Sean Sutton's Story: Rebuilding His Life
Thursday, May 26th 2011, 12:12 pm
By: News On 6
Originally Published: Feb 10, 2011 10:2 PM CDTBobby Lewis
Oklahoma Sports Reporter
TULSA, Oklahoma – The last name ‘Sutton’ means something in this state. It a surname that carries power and prestige on the basketball floor. The name is immortalized on the court in Stillwater. It’s also at the top of the coaching record books at Oral Roberts.
The name carries weight.
After time, the weight of that name became too difficult to support for the eldest of three sons. The heaviness that Sean Sutton carried led to life-altering mistakes.
For the son of a legend, hoisting the daily burden of lofty, unmet expectations began to tear him down.
“I was stuck in the past,” Sean said from the private coaches lounge at ORU. “That’s never a good place to be. I had a hard time letting go.”
There was a lot to let go of. He was forced out of his posh gig as Oklahoma State’s head basketball coach. He failed to carry on the legacy of his famous father, whom he succeeded. Posting a 13-19 Big 12 record over two seasons didn’t quite fill Eddie’s enormous shoes.
Sean needed a way to wash away the disappointment. He needed to quell the pain that regularly snuck its way into his thoughts. The crushing weight of feeling unfulfilled grew heavier each day.
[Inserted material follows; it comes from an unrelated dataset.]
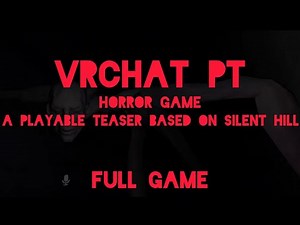 VrChat PT (full game) with ‪@WyldeRose97‬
One year ago, Sean was arrested for attempting to illegally obtain controlled, dangerous substances and using a communications device to facilitate a felony. He went to jail, bonded out, then watched his career, future and reputation erode.
“It’s not as simple as you turning off that switch and it’s gone,” Sutton said of his drug habits. “It’s a fight every day.”
Drug addiction suffocates millions of people around the world. Sean got trapped in the same downward spiral that impedes people from all walks of life. Drugs didn’t care that Sean was a role model. They didn’t care that he was famous, or made millions of dollars coaching the Cowboys.
In Old English, ‘Sutton’ means “south town”. It would have been hard to find a man more ‘south’ than Sean. He was distressed and depressed. He was broken, closed off and trapped.
It took a very public arrest to break Sean’s dependency on synthetic solutions. He enrolled in treatment to combat his cravings. Now, he’s beating back forces that are stronger than simple cravings. He’s winning his battle thanks to those who know him the best.
Sean and Scott Sutton are just 18 months apart. Growing up they did everything together, including play basketball. Day after day, the two brothers passed, dribbled and shot their way to an unbreakable bond. Sean played every day from the time he was five until he graduated from OSU in 1992. The two were best buddies. They were inseparable.
“Once we got into our careers, we didn’t see each other as much,” Sean admitted.
Sean graduated from OSU and began a coaching career at the University of Mississippi. His trails led him back to Stillwater and, eventually, he took the reins from his father. Scott watched from afar, as the head coach at ORU, while Sean went through the ups and downs in his professional and personal life.
After Sean was arrested, he had to rely on family more than he ever had before.
That’s when Scott reached out to his older brother and they reunited in a profound way. The duo was back in its element again – on the basketball court.
Sutton is not an overly boisterous person by nature. He sat quietly in a leather armchair in a small room overlooking the Golden Eagles’ practice gym. He smiled, was pleasant, and was very excited about working with his brother again.
“It’s been really nice to be able to see him on an everyday basis,” Sean said about working with Scott. “I can see while being here why his teams over the years have been so successful.”
Scott hired his older brother in August 2010 to be an Executive Advisor for the Golden Eagles. Sean can communicate with the other coaches during games and practices, but isn’t allowed to have hands-on interaction with players.
The most telling aspect of his new role in basketball is that it’s unpaid. He’s working for free, akin to an intern, just trying to put some merit back on the top of his resume. With every pro bono practice, his confidence and reputation bloom.
During the course of our nine minute interview, Sutton used the phrase “great opportunity for me” upwards of a half dozen times. He’s happy now. He’s a peace with himself. He’s ready to coach again.
“I struggled the two years I wasn’t connected to a team,” Sean said. “I’ve learned a lot. I think it’s always important to grow and learn as a coach.”
He says he hasn’t once thought about doing drugs since his arrest. He also says his time at ORU has helped him grow as a man and as a coach. He expects to be a coach again someday, he just doesn’t know where or when.
Nowadays, he’s more interested in studying zone defenses than getting a high. He’d rather spend time with his wife, Trena, and three sons than search for a buzz. He’s a new man with new life goals.
He’s a Sutton, and the load he once carried is lighter than ever.